Pochettino menjadi sorotan lantaran performa buruk dari Spurs dari beberapa laga terakhir. Di Liga Inggris, Spurs telah menelan 2 kekalahan.

Di Liga Champions, Spurs mengawali laga dengan hasil imbang . Puncaknya adalah ketika Spurs disingkirkan Colchester lewat adu penalti pad babak ketiga Piala Liga Inggris.

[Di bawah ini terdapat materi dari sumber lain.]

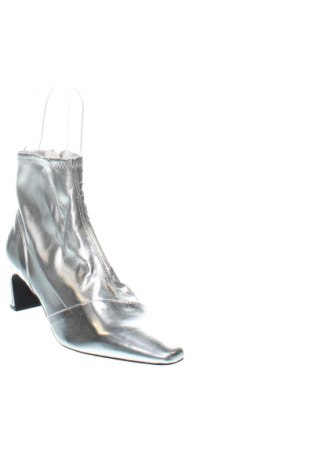 Botine de damă Zara Trafaluc, Mărime 38, Culoare Argintiu, Preț 201,88 Lei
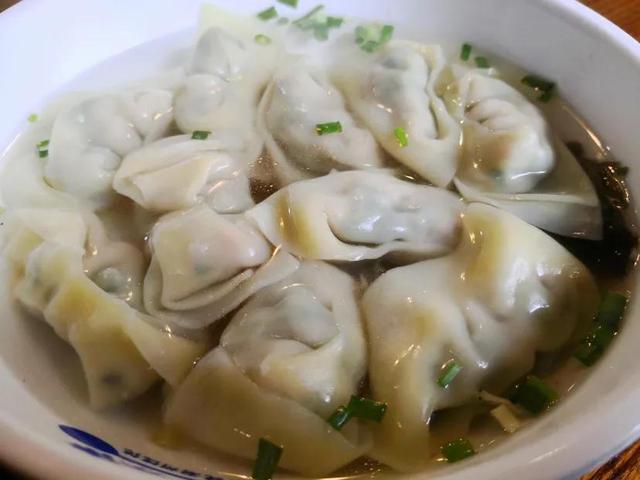 鲜肉馄饨馅怎么做，鲜肉馄饨馅做法（这样调馅最香了）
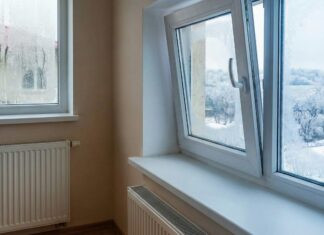 Lüften über das Fenster: Ein teures Missverständnis Zwei Fenster, eines beschlagen, eines geöffnet mit Thermometer, Blick auf verschneite Landschaft. Heizkörper unter Fenstern.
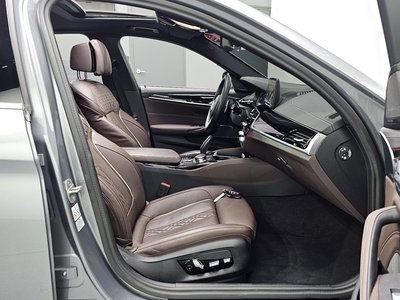 صورة مصغرة 16 لـ 2023 BMW 5 SERIES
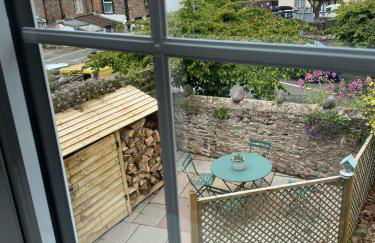 Little House - Photo 3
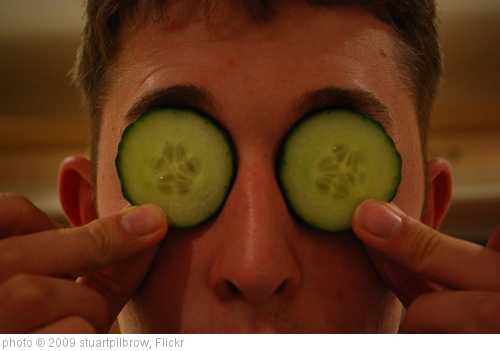 '352/365 Cucumber relaxation' photo (c) 2009, stuartpilbrow - license: http://creativecommons.org/licenses/by-sa/2.0/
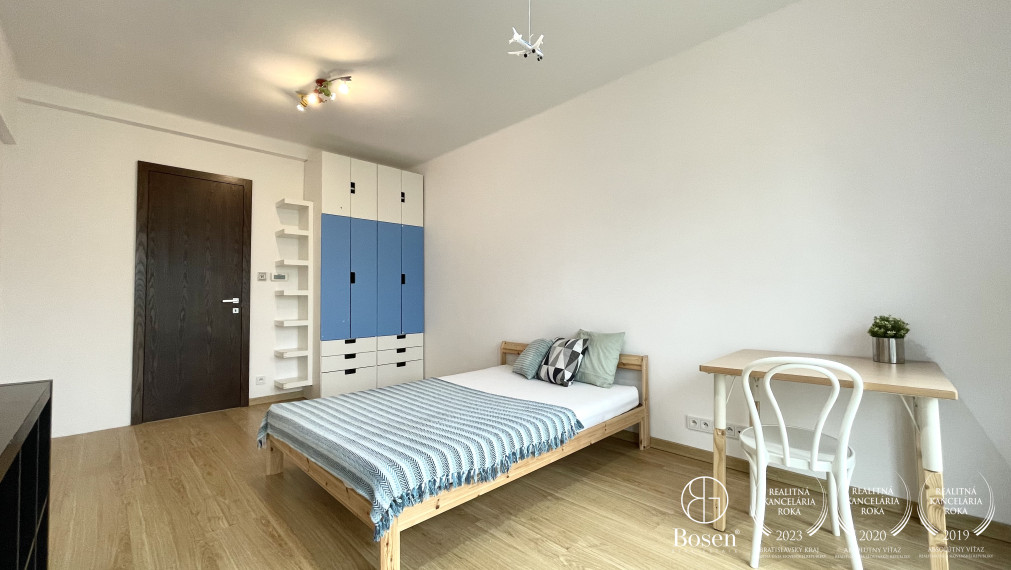 Prenajaté - BOSEN | slnečný 3 izbový strešný mezonet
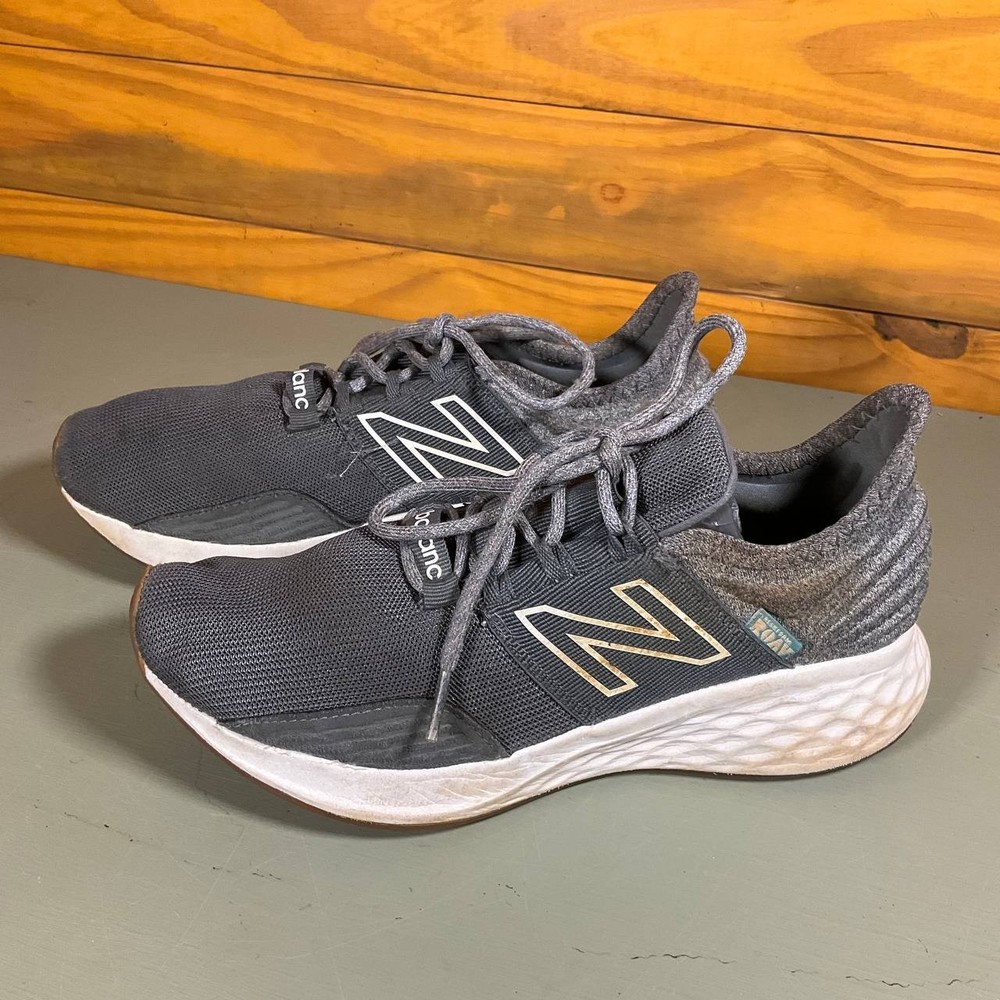 New Balance Fresh Foam Roav Athletic Shoes Boys Size 5 Gray Running GEROVTG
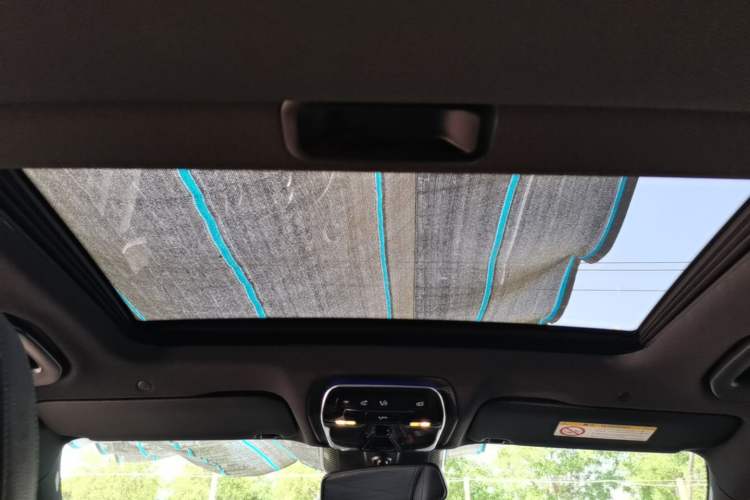 Used Mercedes-Benz C-Class 2023 C 200 L Sport Edition Headliner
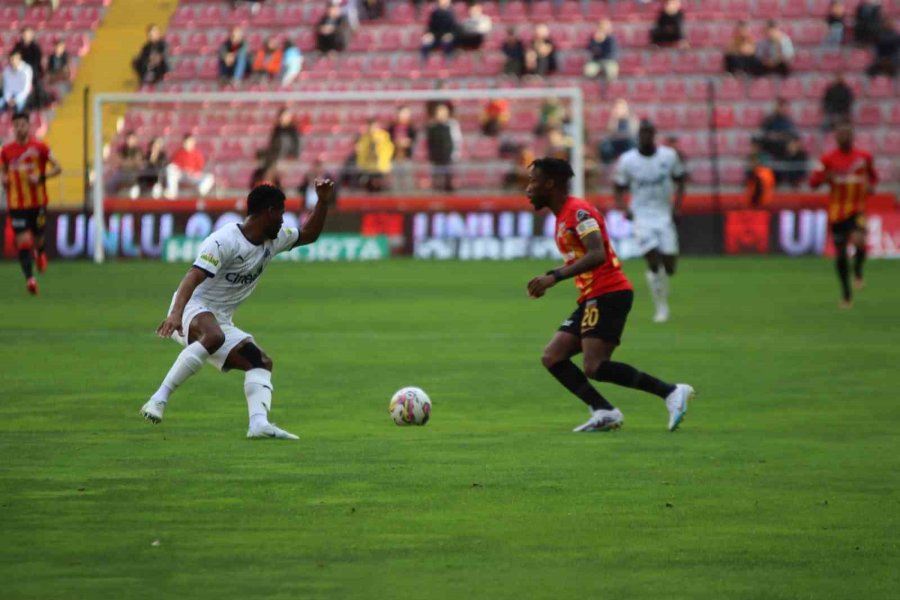 Spor Toto Süper Lig: Kayserispor: 0 - Kasımpaşa: 0 (ilk Yarı)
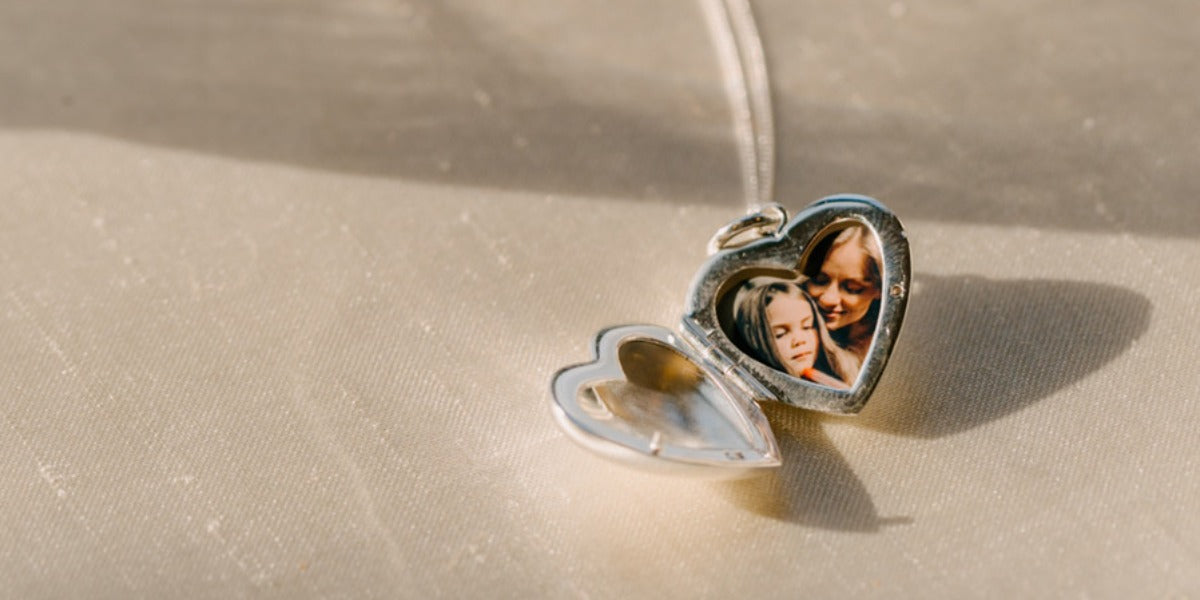 How to Print Locket Photos with Portable Photo Printers | Liene
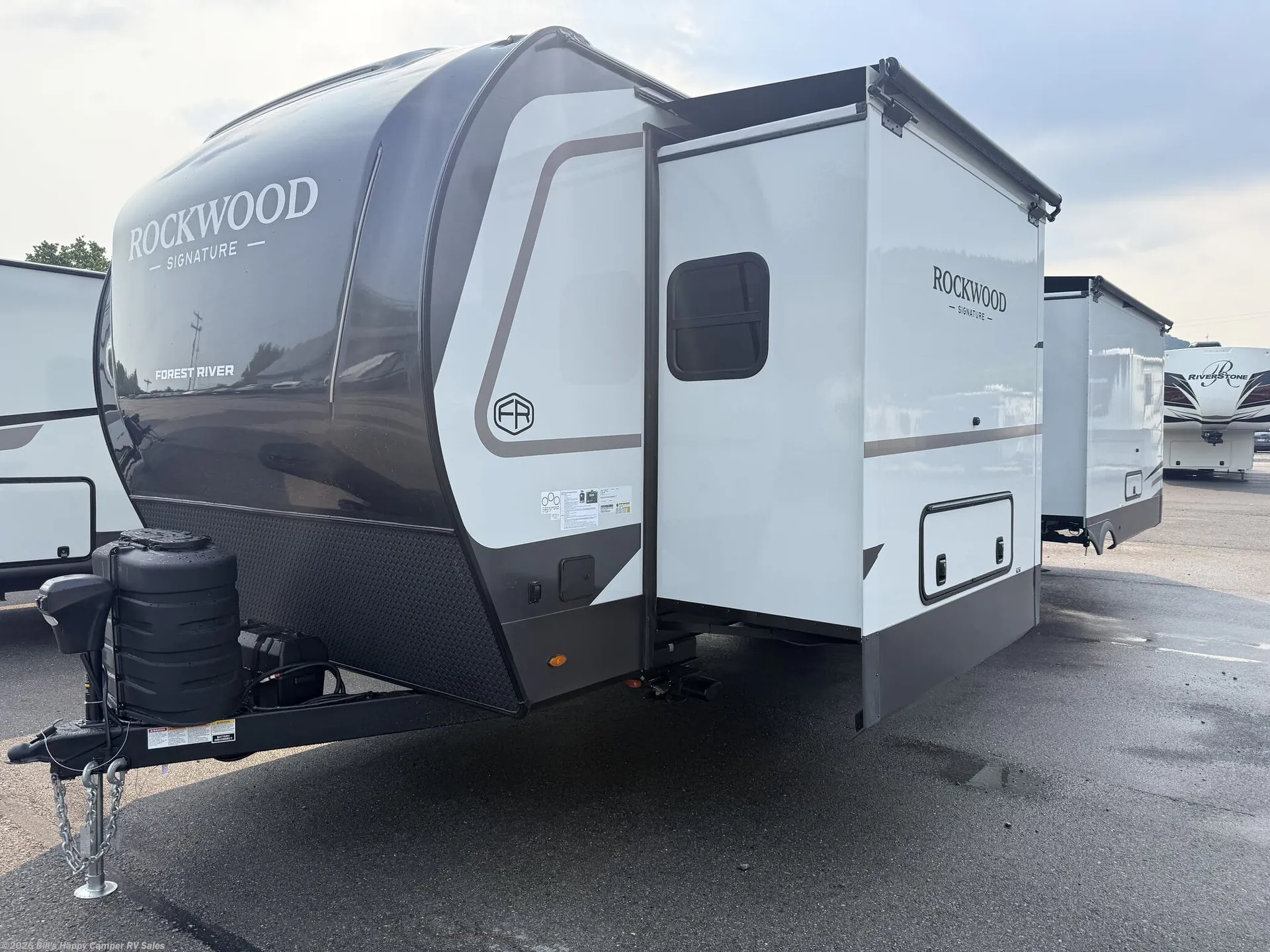 2027 Forest River Rockwood Signature 8393RK - Photo 4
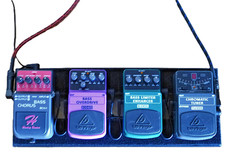 Pedal Board mit Tuner und E-Bass Effekten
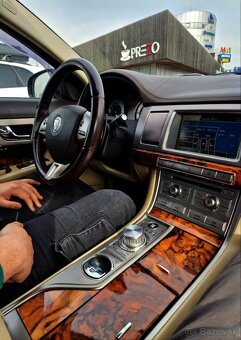 JAGUAR XF PREMIUM LUXURY 2.7D V6 152 KW 2008 - 20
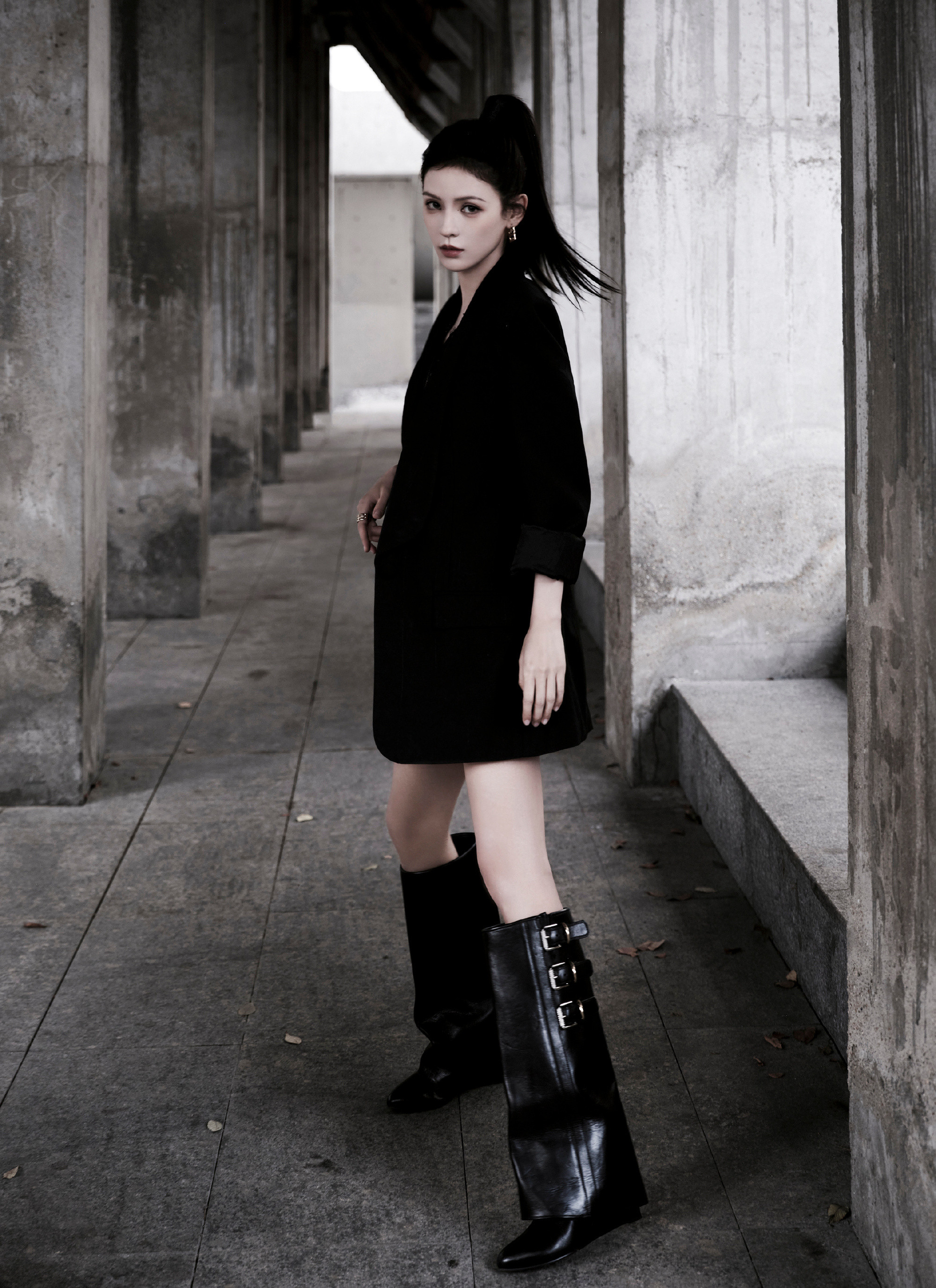 张予曦墨镜黑裙：随性与优雅的碰撞，不被定义才是真我。张予曦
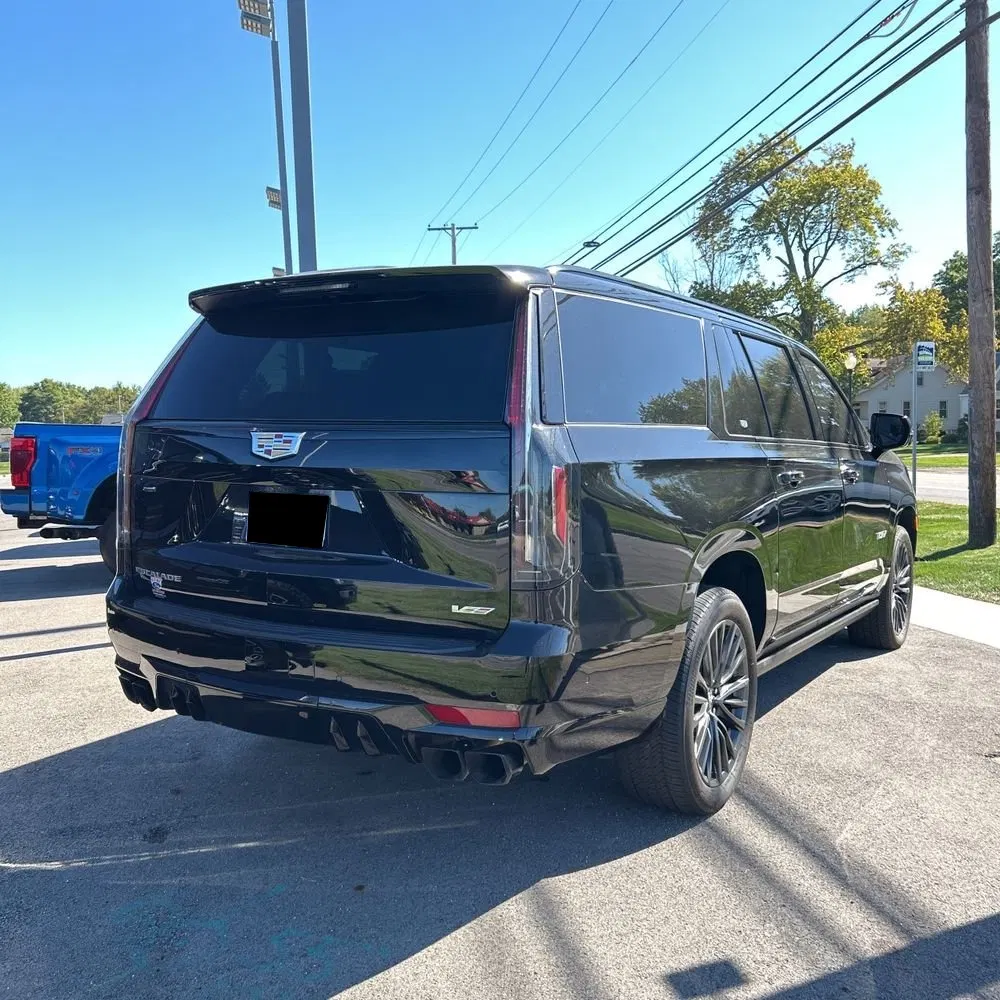 2023 Cadillac Escalade-V ESV Base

Lebih menyakitkan lagi adalah Spurs seperti sulit mempertahankan keunggulan, yakni kala kalah dari Leicester City dan diimbangi Olympiakos. Wajar jika masa depan Pochettino mulai dispekulasikan.

Meski demikian, Pochettino tak mau ambil pusing karena dia pernah merasakan situasi yang lebih sulit ketimbang ini. Periode itu adalah tahun pertamanya melatih Spurs setelah meninggalkan Southampton pada 2014.

Pochettino sebagai manajer muda potensial kala itu punya tugas berat membawa Spurs ke persaingan papan atas. Di musim pertamanya, Spurs memang berhasil melaju ke final Piala Liga Inggris sebelum dikalahkan Chelsea.

Di Premier League, Spurs kala itu cuma finis kelima dan gagal ke Liga Champions, sebelum pecah telur di musim berikutnya dan bertahan hingga 2019/2020 ini.